◆ TASK OBJECTIVE:
When you retype the entries, keep each one exact and leave out the pictures.

◆ DATA FOR ANALYSIS:
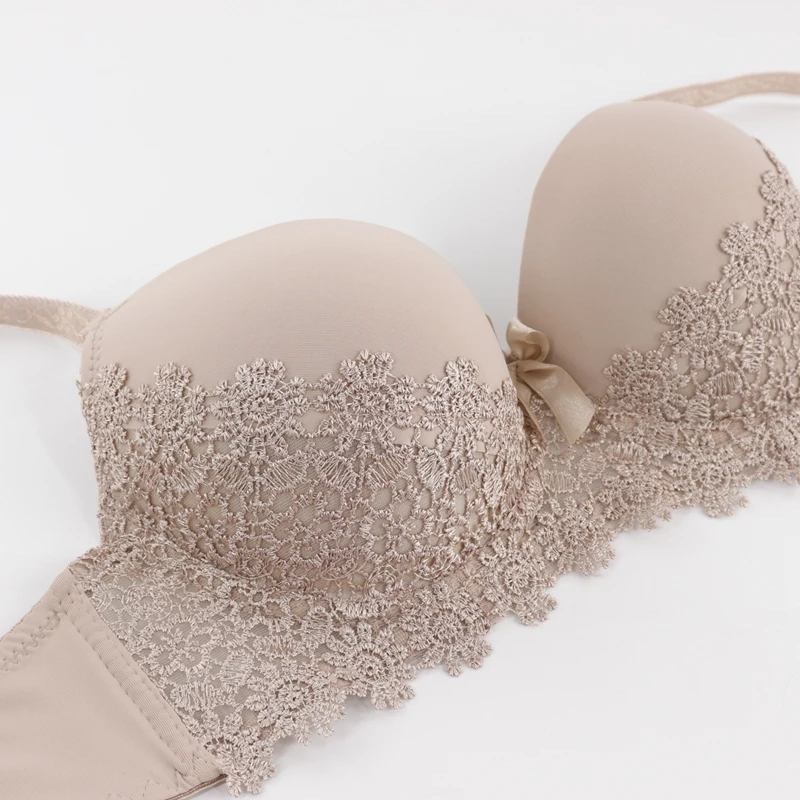 Beauwear Цветочные кружевные сексуальные бюстгальтеры пуш-ап, на косточках, комфортное нижнее белье с вышивкой, чашечки B C размера плюс, нижнее белье 38-44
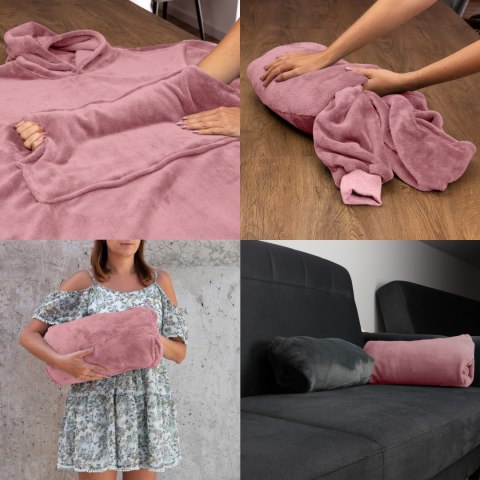 Bluzair Bluza Koc z Kapturem XXL Ciepła Różowy 4w1 Bluzair Bluza Koc z Kapturem XXL Ciepła Różowy 4w1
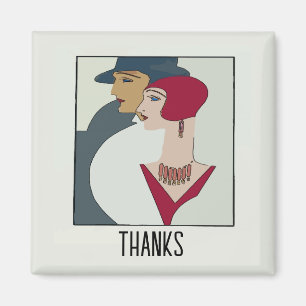 Imã Art Deco Faces, adicionar texto Magnet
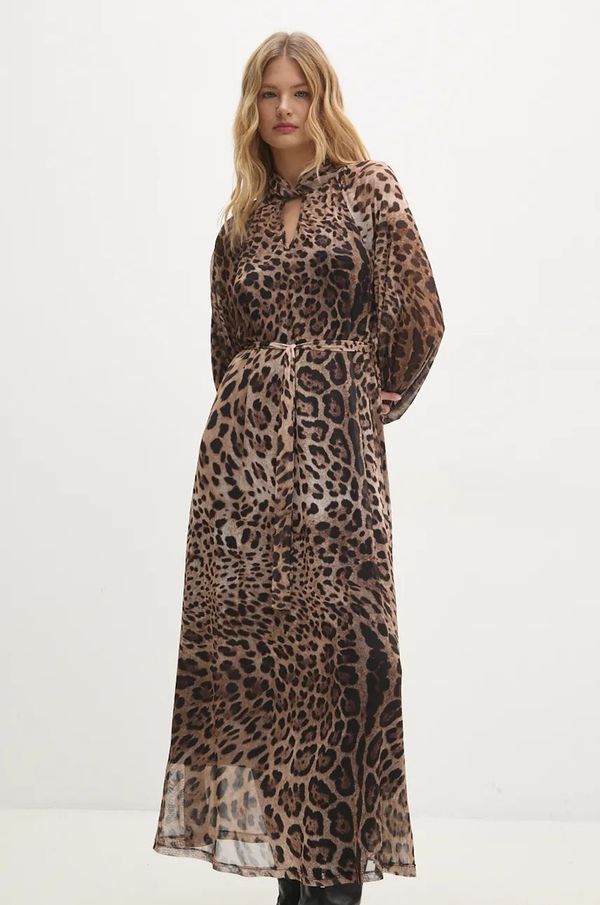 Answear Lab Haljina Answear Lab boja: bež, maxi, širi se prema dolje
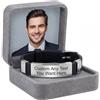 Fanery Sue Bracciale Uomo Personalizzato | Braccialetto con Incisione di Nome, Regolabile, Scatola Regalo Premium per Papà & Marito in Occasioni Speciali (Bracciale in gomma nero)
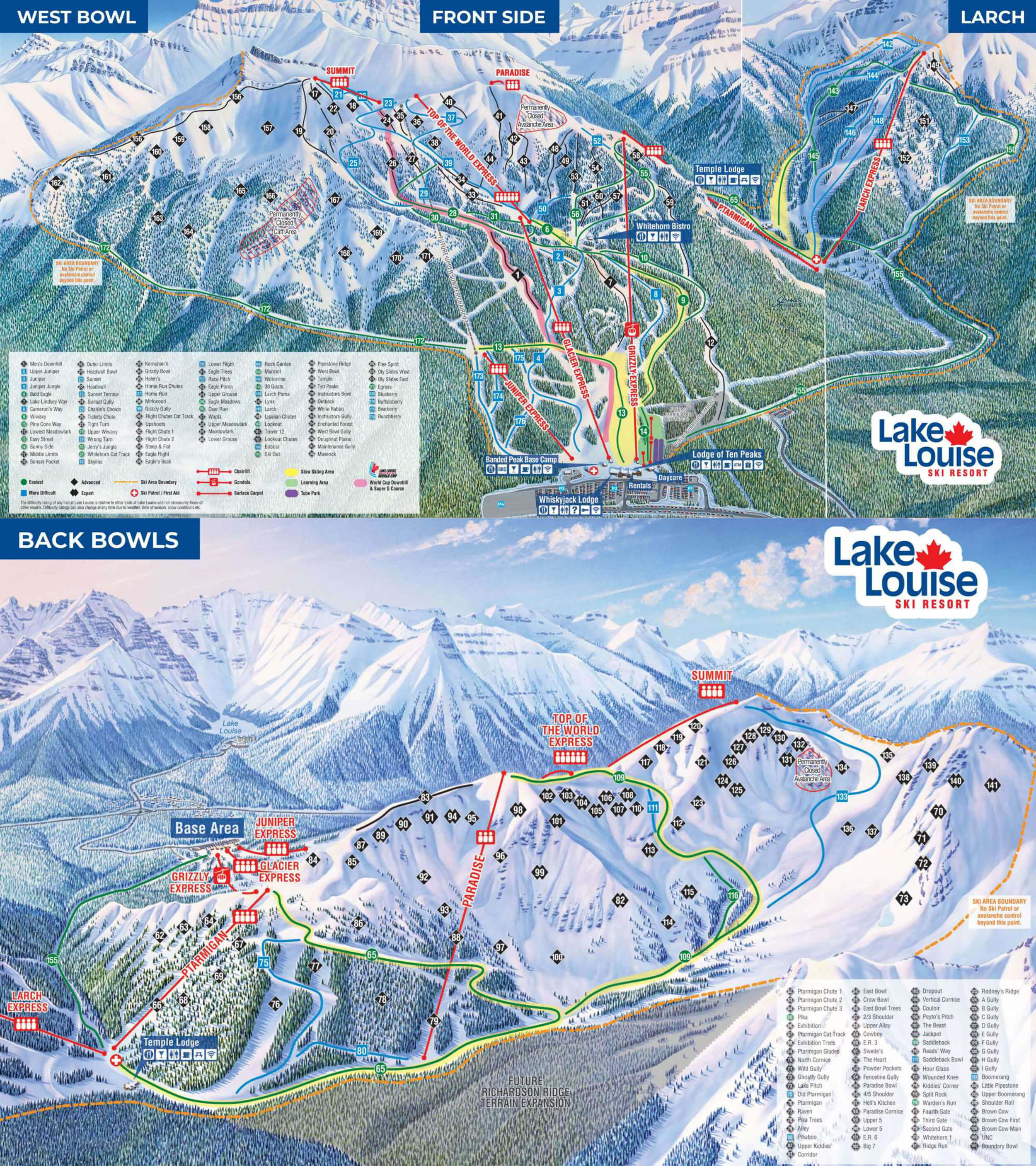 Lake Louise Ski Resort Trail Map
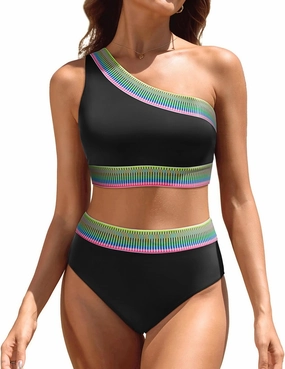Tempt Me Women High Waisted Bikini Set - One Shoulder Two Piece Swimsuits Color Block Bathing Suits with Swimwear Bottom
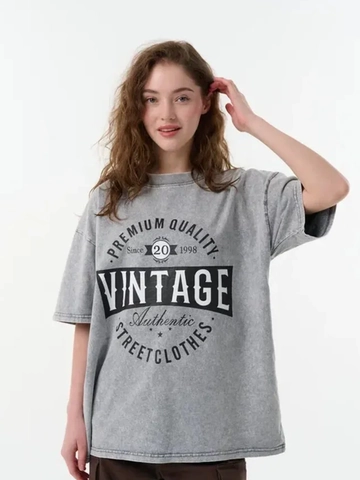 Vintage Gewassen Puur Katoenen T-Shirt Oversized Drop Shoulder Ronde Hals Distressed Letter Print American Streetwear Vrouwen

◆ EXERCISE ANSWER:
 Beauwear Цветочные кружевные сексуальные бюстгальтеры пуш-ап, на косточках, комфортное нижнее белье с вышивкой, чашечки B C размера плюс, нижнее белье 38-44
 Bluzair Bluza Koc z Kapturem XXL Ciepła Różowy 4w1 Bluzair Bluza Koc z Kapturem XXL Ciepła Różowy 4w1
 Imã Art Deco Faces, adicionar texto Magnet
 Answear Lab Haljina Answear Lab boja: bež, maxi, širi se prema dolje
 Fanery Sue Bracciale Uomo Personalizzato | Braccialetto con Incisione di Nome, Regolabile, Scatola Regalo Premium per Papà & Marito in Occasioni Speciali (Bracciale in gomma nero)
 Lake Louise Ski Resort Trail Map
Tempt Me Women High Waisted Bikini Set - One Shoulder Two Piece Swimsuits Color Block Bathing Suits with Swimwear Bottom
 Vintage Gewassen Puur Katoenen T-Shirt Oversized Drop Shoulder Ronde Hals Distressed Letter Print American Streetwear Vrouwen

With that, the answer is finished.